La otra es el gran terno de difuntos conservado en Tomellosa. En terciopelo negro bordado en oro, plata y sedas de colores, encontramos las piezas que conforman el terno: una capa, una casulla y dos dalmáticas, más el paño de difuntos. Elaborado en los talleres jerónimos de El Escorial o Guadalupe, y utilizado en la Casa Madre de la Orden Jerónima, en Lupiana, según Ramos que lo estudia con detenimiento “La única representación iconográfica que aparece es San Miguel, en uno de los extremos del paño de difuntos. Aparece con un demonio postrado a sus pies, mientras que en su mano izquierda lleva la balanza que le acredita como arcángel psicopompo o pesador de almas. De hecho en cada uno de los platillos de la balanza aparecen dos figuritas en pequeño tamaño que representan el bien y el mal del alma del difunto. Con la mano derecha sujeta una gran cruz con la que tiene inmovilizado al demonio. Se trata de una figura inspirada en repertorios de estampas o de pinturas religiosas de finales del siglo XVI. De esta figura hay que destacar la calidad y variedad en su ejecución de todos los detalles bordados de la armadura, del rostro, de las manos, de la capa y sobre todo de la cota de malla”.

Recuerdos de Pastrana

Finalmente, para completar esta visión de piezas de arte barroco que se conservan en nuestras iglesias y museos, aparentando ser aparición espontánea tras los siglos, pero siendo realmente el colofón de instituciones sacras venidas a menos o disueltas del todo, quiero mencionar y destacar aquí una preciosa pieza que ahora se muestra en el Museo de la Colegiata de Pastrana, y que en este año que comienza del Centenario de la santa abulense, representa como relicario tallado y policromado a Santa Teresa de Jesús.

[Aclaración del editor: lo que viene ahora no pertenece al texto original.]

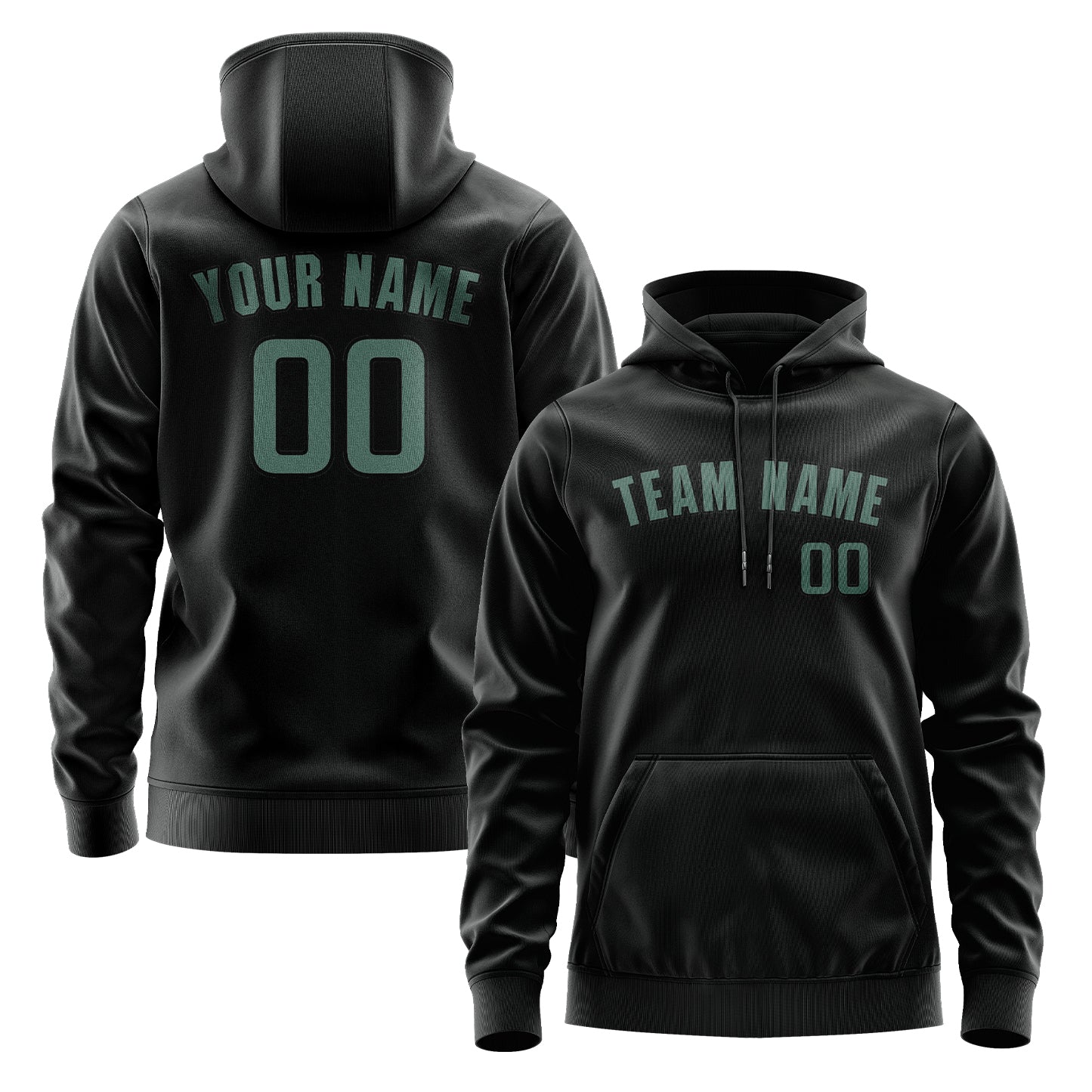 Maßgeschneidertes Schwarz Blaugrün Hoodie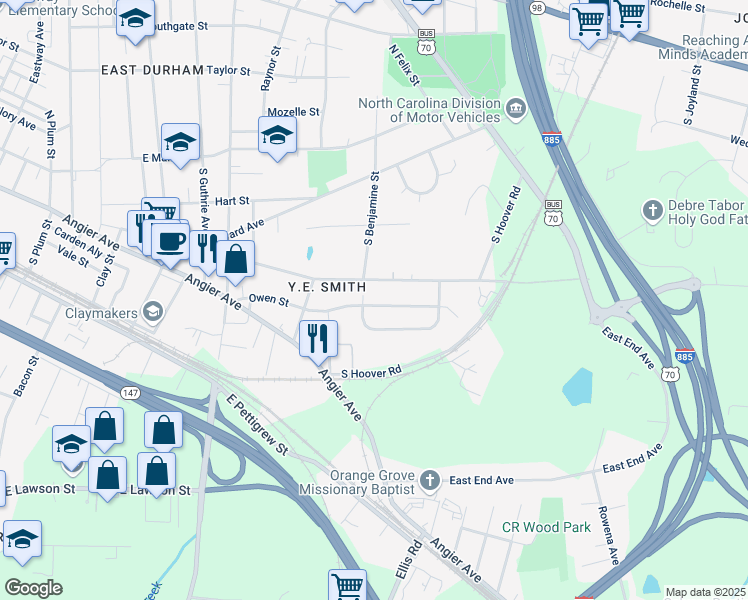 map of restaurants, bars, coffee shops, grocery stores, and more near 2705 Owen Street in Durham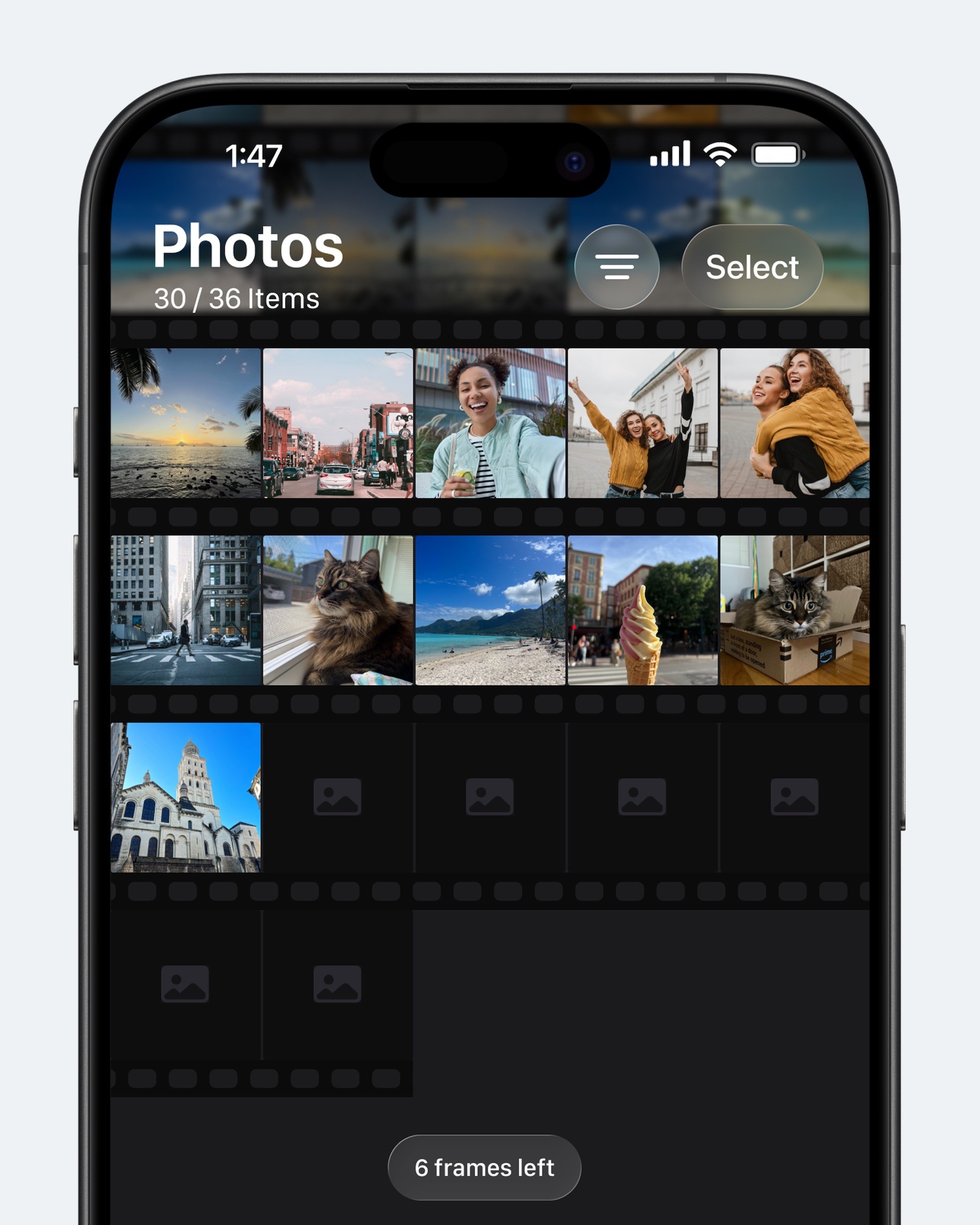 Концепт: приложение Камера iOS с лимитом на количество фотографий и счётчиком оставшихся кадров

De madera policromada, esta pieza fue realizada en 1618 para contener una pequeña reliquia de la monja carmelita, que se veneraría a través de una rejilla abierta sobre su pecho, en cuyo espesor se mantendría conservada. Procedente del convento de San Pedro, de frailes carmelitas de Pastrana, lugar fundado por San Juan d ela Cruz en compañía de la santa abulense, y a petición de los duques de Pastrana, en los años finales del siglo XVI, se llevó a Guadalajara junto con la colección de grandes óleos de intenciones didácticas que narraban la fundación de la casa carmelita por don Ruy Gómez y doña Ana de Mendoza, para allí conservarse (guardados de momento, en 1936) en el Museo provinvcial, de donde lo sacó en 1845 don Mariano Pérez Cuenca, párroco pastranero a la sazón.

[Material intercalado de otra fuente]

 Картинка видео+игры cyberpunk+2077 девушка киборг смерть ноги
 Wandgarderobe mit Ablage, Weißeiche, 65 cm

La pieza es estudiada por Ramos con detenimiento y capacidad, pues sin duda es nuestro paisano un especialista en arte barroco, y sabe captar los enormes valores que encierra esta pieza, de la que nos dice que “destaca por la belleza serena y equilibrada del rostro, propia del ambiente cortesano de principios del siglo XVII. La boca cerrada, la mirada ligeramente caída y concentrada en sí misma, la perfecta simetría de la composición y la delicadeza en la disposición de las manos, hacen de esta pieza un representante perfecto de la escultura de transición entre el renacimiento y el barroco, cuando ya se han abandonado los excesos gestuales y expresivos del
manierismo de los seguidores de Juan de Juni o Alonso Berruguete y cuando todavía no ha llegado el realismo característico del siglo XVII castellano”. Hoy sin duda es una de las piezas más admiradas del nuevo Museo Parroquial de Pastrana.